Comparing Patient-reported Impact of COVID-19 Shelter-in-place Policies and Access to Containment and Mitigation Strategies, Overall and in Vulnerable Populations
Shelter-in-place orders, social distancing, and mandatory closure of non-essential businesses across the country have suppressed transmission of SARS-CoV-2 and limited direct health impact of the COVID-19 Pandemic. These policies, however, exact an enormous societal cost and cannot be maintained indefinitely. When and how to lift restrictions represents the defining challenge of our time for local, state and national leaders, and requires excruciating decisions that balance lives lost from coronavirus infection against economic, social and indirect health effects of restrictive policy. To understand the impact of these decisions, we must hear from patients. We propose to recruit a large population-based sample of PCORnet patients into our digital cohort of "COVID-19 Citizen Scientists," gather patient-reported outcomes with linked electronic health record (EHR), and analyze it to answer the following critical research questions (RQs):
RQ1: What is the comparative impact of different shelter-in-place/reopening policies, overall and in vulnerable populations, on patient-reported financial insecurity, mental health, and other subjective outcomes important to patients? The natural experiment that occurs as state governors and local county health departments across the US differentially lift and/or reinstate shelter-in-place policies, and that is ongoing today as the US considers reopening fully (despite threats from new coronavirus variants), represents an analytic opportunity to estimate and compare benefits and harms of different policies, both overall and for vulnerable subsets of the population.
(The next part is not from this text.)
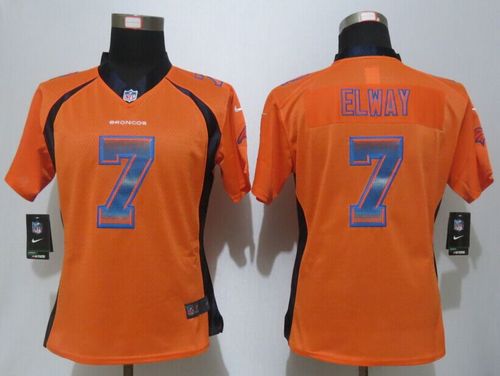 Nike Broncos #7 John Elway Orange Team Color Women's Stitched NFL Elite Strobe Jersey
To leverage this opportunity, we will collect a detailed record of county- (and state-) level COVID-19-related policies, including shelter-in-place (aka containment & closure), economic response and public health policies, starting at the beginning of the Pandemic in March 2020 and continuing through the end of the year into 2021. We have selected 119 counties for data collection where we have the most patient-reported survey responses through 2020, and where we expect to enroll many new participants through Fall 2021. We will use these data to analyze the impact on patient-reported outcomes, and then make them available to other investigators.
RQ2: What is the comparative effectiveness of county-level containment and mitigation strategies at achieving timely access to COVID-19 vaccination (overall and among previously hesitant persons), testing, healthcare, information, and contact tracing, overall and in vulnerable populations? Timely access to containment and mitigation strategies were (and will continue to be) critical to quickly detect and slow transmission of coronavirus and future pandemics in communities, and to effectively care for patients who become infected. Unlike shelter-in-place policies that are highly publicized, containment and mitigation strategies are about resource allocation and operational effectiveness. Decision-making may be hidden, but we can measure the effectiveness of these strategies by asking patients. For example, we can assess reasons for vaccination among participants that were previously hesitant, delays in coronavirus testing after patients develop symptoms using our daily symptom survey data to provide the denominator (all symptomatic patients) and the anchor time point (time of symptom onset); and weekly surveys will assess access to critical information (e.g., "Do you know how to get a COVID-19 test?") and contact tracing after testing positive.